Um try looking for a Rome Anthem for you. It really it a great board fun to ridre I have one from a few years back. I don't know how cheap you are going to be able to find one or if you will find one. I'm guessing Ski Dazzle is just having a swap or they are selling last years equipment or equipment from a couple of seasons ago. 

As far as for you girl I don't knwo to much about girls boards I'd have look around and i don't have the time right at the second cause I'm at work. But if Boardaholic chimes in she generally has good input.


----------



## Guest (Nov 28, 2007)

Sounds to me like you may want to lean toward a directional or directional twin board if you are looking to primarily carve and go fast with stability and a little bit of freestyle. Here are a couple to look at:

Rome Anthem Snowboard > Men's Snowboards - Free Shipping & No Sales Tax
Burton Custom Snowboard > Men's Snowboards - Free Shipping & No Sales Tax
Lib Technologies 1986 Magne-Traction Mullet Snowboard > Men's Snowboards - Free Shipping & No Sales Tax 
K2 Podium Snowboard > Men's Snowboards - Free Shipping & No Sales Tax
K2 Eldorado Snowboard > Men's Snowboards - Free Shipping & No Sales Tax

A little spendy but a good reference while you look around.


----------



## Guest (Nov 28, 2007)

mike1two said:


> Sounds to me like you may want to lean toward a directional or directional twin board if you are looking to primarily carve and go fast with stability and a little bit of freestyle. Here are a couple to look at:
> 
> Rome Anthem Snowboard > Men's Snowboards - Free Shipping & No Sales Tax
> Burton Custom Snowboard > Men's Snowboards - Free Shipping & No Sales Tax
> ...



awesome, thanks... What do you suggest for a female?


----------



## rrrtx (Aug 18, 2007)

Dcp584 said:


> Um try looking for a Rome Anthem for you. It really it a great board fun to ridre I have one from a few years back. I don't know how cheap you are going to be able to find one or if you will find one. I'm guessing Ski Dazzle is just having a swap or they are selling last years equipment or equipment from a couple of seasons ago.
> 
> As far as for you girl I don't knwo to much about girls boards I'd have look around and i don't have the time right at the second cause I'm at work. But if Boardaholic chimes in she generally has good input.

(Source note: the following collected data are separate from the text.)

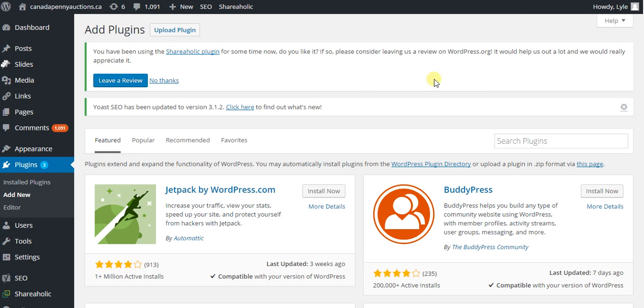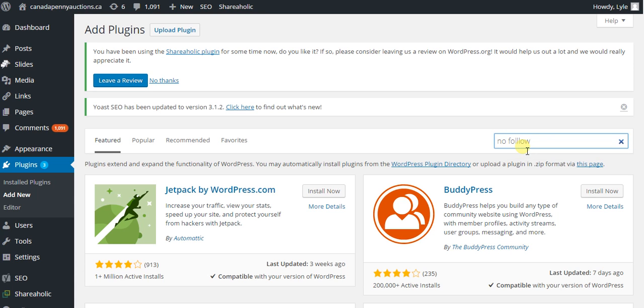Now the plugin that I want to do today is called the nofollow plugin. So just search for the plugin or even any type of topic that you want.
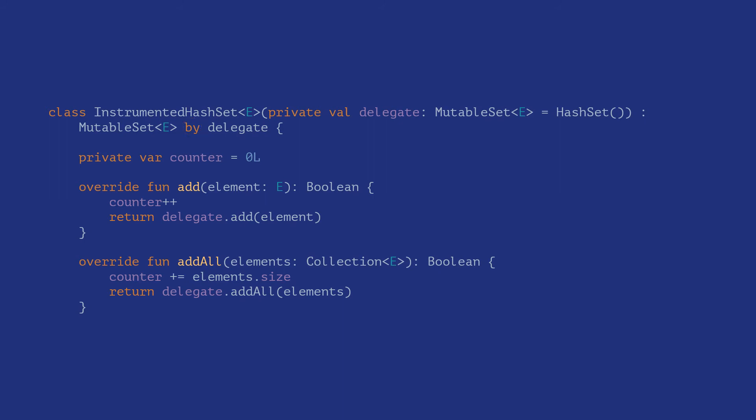The By clause delegates the implementation of the interface to the delegate object. The compiler under the hood would generate all the methods required and the code for forwarding them to the delegate object. We now need to only override the methods that we are really interested in, removing all the boilerplate code resulting in a concise and readable implementation. This makes composition a breeze to use in Kotlin compared to many other languages.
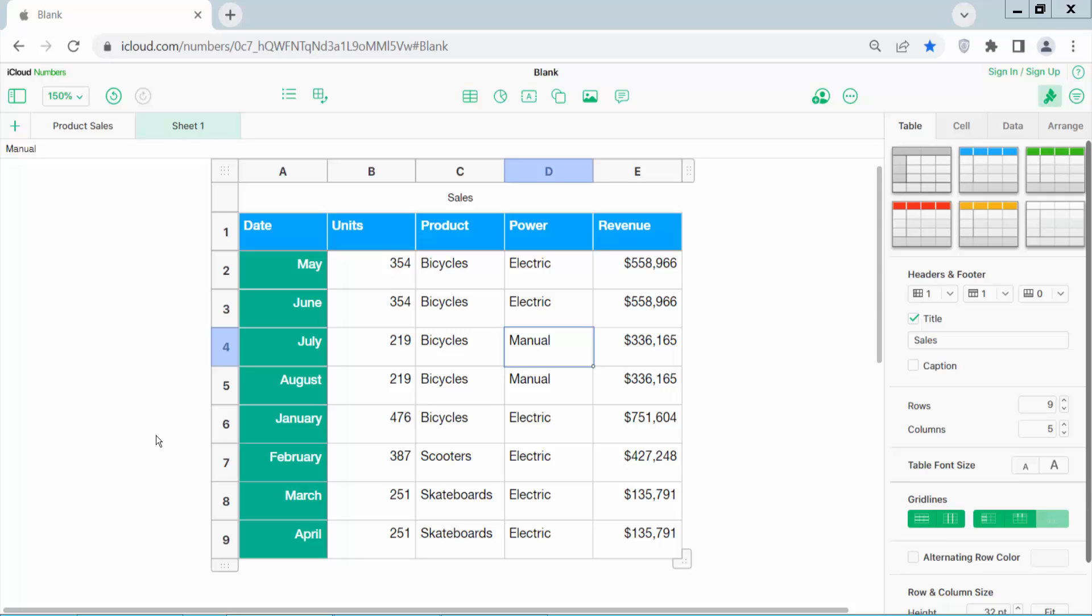Hello everyone. Today I will show you how to change or rename an Apple Numbers sheet. Open your Apple Numbers sheet.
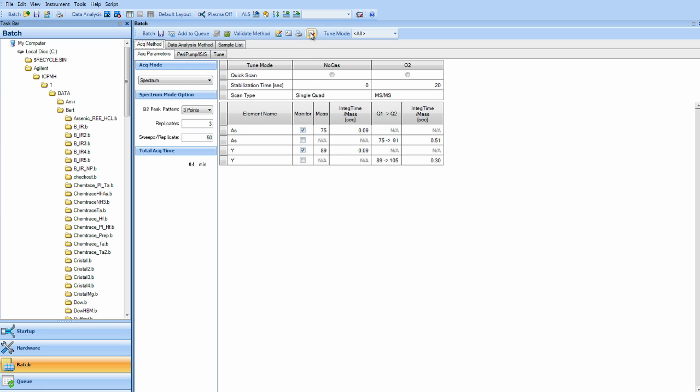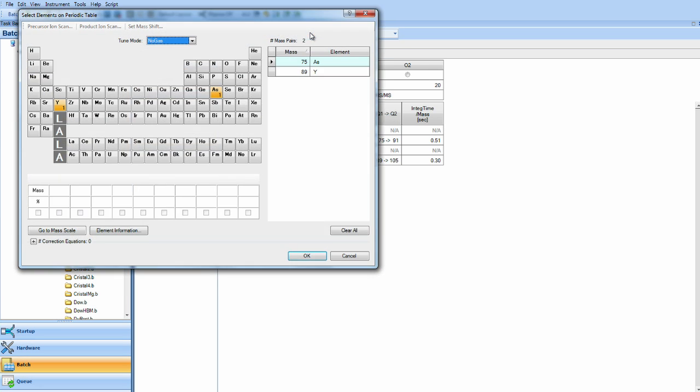To select a mass, we can just go to the periodic table here, and left click arsenic, and the default mass comes up. To remove a mass, we right click.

Rome Anthem i think will be narrow for 10 1/2 boot in your size board.


----------



## Dcp584 (Sep 10, 2007)

rrrtx said:


> Rome Anthem i think will be narrow for 10 1/2 boot in your size board.


Nope I know people who have ridden them will size 11's at 0-0 and had no problems. Assuming he has sangled out his stance a little he should be alright.


----------



## lisevolution (Sep 20, 2007)

If you can find a Ride Timeless for a good price you'll be very happy with that for what you're looking to do as well.

In terms of women's beginner boards... I got my GF a Ride Vista which is a beg/intermediate woman's deck you could also check out their Solace. Rome makes a couple of real nice womens boards o the Blue and the Vinyl as well as anything from Roxy, who are made by Mervin which makes LibTech and Gnu...


----------